Any help, direction, advise would be greatly appreciated. Cheers All.


----------



## Lewiy (Apr 13, 2007)

As a starting point, possibly the best tip I could give would be don't use the macro recorder to achieve tasks but rather to obtain sections of code to use elsewhere.


----------



## PaddyD (Apr 13, 2007)

as good a place as any:

http://www.tushar-mehta.com/excel/vba/beyond_the_macro_recorder/index.htm


----------



## RSUK63 (Apr 18, 2007)

WOW, what luck, I've only just registered, this was the first thing I read and is one of the most helpful bits of info I've had for a long time, Thanks


----------



## erik.van.geit (Apr 18, 2007)

Hello, RSUK63
Welcome to the Board !!!!!

what an enthousiasm !
ENJOY 

greetings from Belgium
Erik


----------



## arkusM (Apr 18, 2007)

PaddyD,
I have been slow to respond.

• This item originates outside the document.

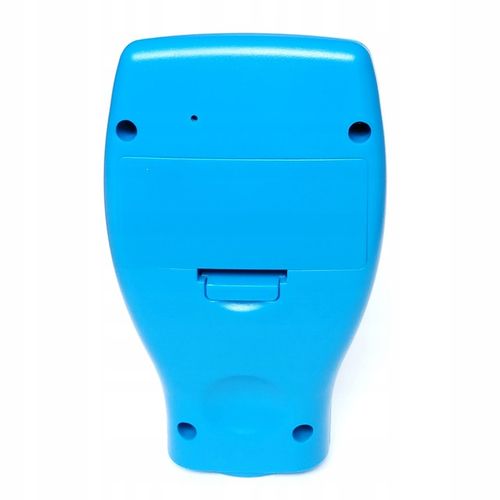 MIERNIK TESTER CZUJNIK GRUBOŚCI POWŁOKI LAKIERU MATERIAŁÓW STAL ALUMINIUM na Arena.pl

But thanks for the link, I went through it yesterday and it has some good bits in it.
 VB seems a bit like Excel, a deep dark cavarnous abyss, that holds endless treasures that must be discovered slowly.

Thanks!


----------



## arkusM (Apr 18, 2007)

Lewiy,

Do you have a place that you use? The reason I posted here was that I don't yet have a specific question or problem to solve that requires VB.
In reference to my last post, I am only entering the mouth of the cave, and don't even know what, I don't know. I was trying to find somewhere to get me feet wet so to speak.

Thanks for the tip about the the recorder! Cheers.


----------



## TinaP (Apr 18, 2007)

> As a starting point, possibly the best tip I could give would be don't use the macro recorder to achieve tasks but rather to obtain sections of code to use elsewhere.



On the contrary, I think it is a good place to learn as long as you understand that recorded code is NOT the ideal way to write macros.  If you use a combination of recorded code, some good web sites and a good book (most by John Walkenbach and certainly the books written by Mr. Excel, et al), you will quickly learn the concepts and skills required in VBA.


----------



## ExcelChampion (Apr 18, 2007)

> > As a starting point, possibly the best tip I could give would be don't use the macro recorder to achieve tasks but rather to obtain sections of code to use elsewhere.
> 
> 
> 
> On the contrary, I think it is a good place to learn as long as you understand that recorded code is NOT the ideal way to write macros.  If you use a combination of recorded code, some good web sites and a good book (most by John Walkenbach and certainly the books written by Mr. Excel, et al), you will quickly learn the concepts and skills required in VBA.



My thougths exactly.

If you want to learn VBA, I would suggest turning on the macro recorder, perform some functions, and then go look at the code that was recorded.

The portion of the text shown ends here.